En aquella primera invasión turística de Ibiza también hubo droga

Cuando regresó, en 1933, ya funcionaban dos hoteles en el pueblo. Los precios habían subido y Benjamin, como todos los extranjeros, adquirió un apodo: era El Miserable. No se trataba de una valoración moral: suponía la constatación de su pobreza. Durante seis meses, los nativos vieron sus apuros para alargar el dinero y su afán por tomar notas en unas libretas diminutas.

Benjamin se acogía a la generosidad de compatriotas a los que quizás ni habría saludado en otras circunstancias. Le sirvió de secretario un tal Maximilian Verspohl, que le pasó escritos a máquina, guardó algunos de sus textos y hasta le ayudó económicamente. Ambos cedieron: Verspohl era un destacado miembro de las SS en Hamburgo; no podía ignorar que, como judío, Benjamin había huido de la Alemania de Hitler. En tierra ajena, ya saben, se hacen extrañas alianzas.
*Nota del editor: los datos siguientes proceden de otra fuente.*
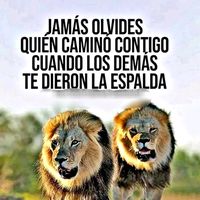 tigre7967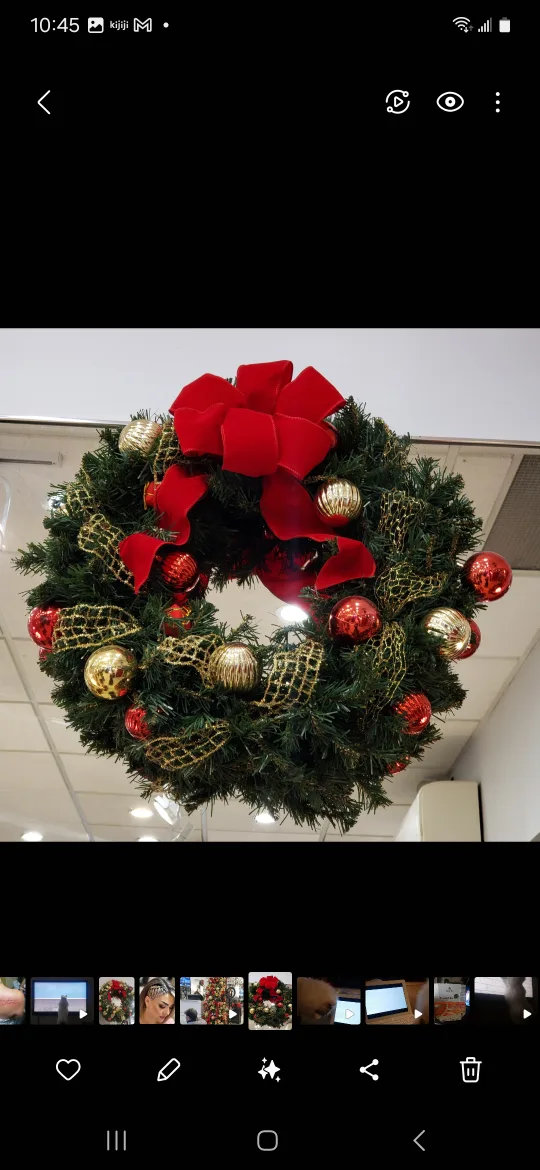 Christmas Wreath with Lights thumbnail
Lo que transmite Experiencia y pobreza es el cansancio de un polígrafo brillante que, con 40 años, no encontraba editor para sus libros y dependía de unas colaboraciones periodísticas que iban escaseando. Generalmente discreto, fue comentada su única borrachera pública, cuando –retado por una veraneante polaca– probó una ginebra letal, de 74 grados.
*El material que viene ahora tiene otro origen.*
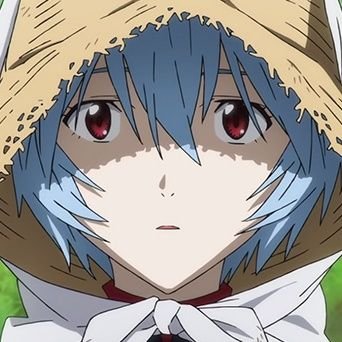 daily rei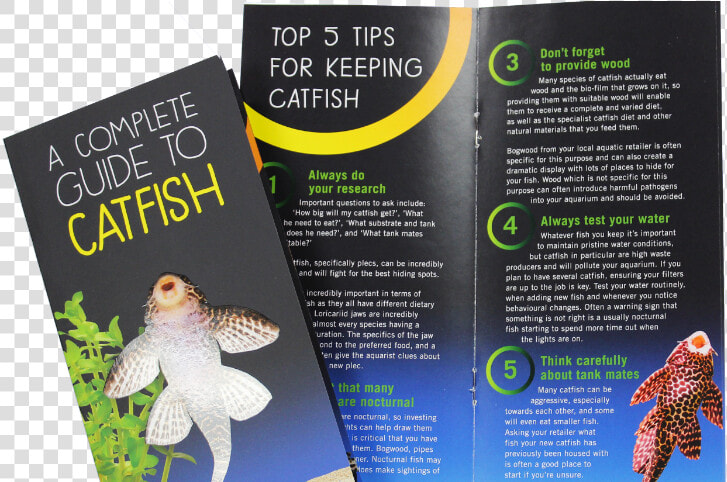 ‘catfish Need More Than Algae’  Claims New Campaign  HD Png DownloadTransparent PNG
Ocurre que aquellos forasteros también trajeron nuevos hábitos sexuales. Los payeses eran tolerantes, aunque pudibundos

En aquella primera invasión turística de Ibiza también hubo drogas. Un amigo francés, Jean Selz, consumía hachís e incluso, en 1933, llevó opio; debieron recurrir al herrero local para que les fabricara los aparejos necesarios. Invitado por Selz, Benjamin quedó fascinado por los efectos de la brisa sobre las cortinas: "los visillos son intérpretes para el lenguaje del viento. A cada uno de sus soplos le dan la forma y la sensualidad de las figuras femeninas. Y le permiten al fumador que se enfrasca en su juego disfrutar de todas las delicias que podría ofrecerle una consumada bailarina."
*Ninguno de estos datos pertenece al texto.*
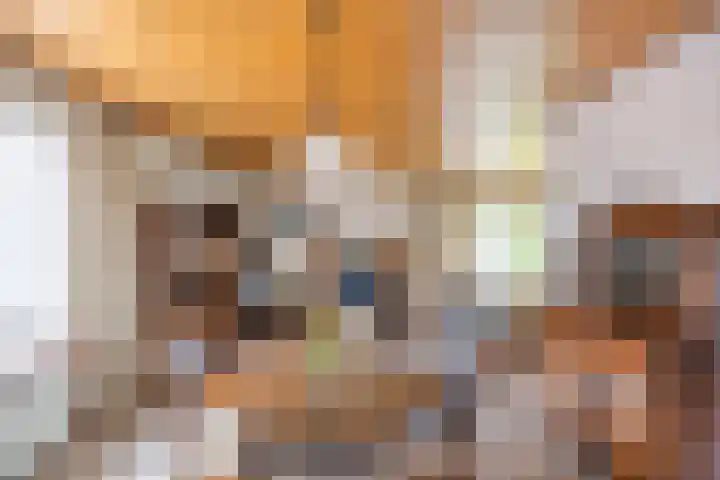 Rechtuit 41 c Hollandscheveld thumbnail 8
Ocurre que aquellos forasteros también trajeron nuevos hábitos sexuales. Los payeses eran tolerantes, aunque pudibundos: insistían para que los recién llegados no practicaran el nudismo fuera de las casas. Pero el amor estaba en el aire y Benjamin escuchó su llamada. En 1932, conoció a Olga Parem, que se asustó cuando Walter sugirió casarse inmediatamente. Al año siguiente, fue el turno de la pintora holandesa Anna Maria Blaupot. Esta vez, Benjamin fue correspondido pero la relación se enfrió cuando dejaron la isla. Fueron víctimas, como ocurriría con muchos futuros turistas, del Efecto Ibiza.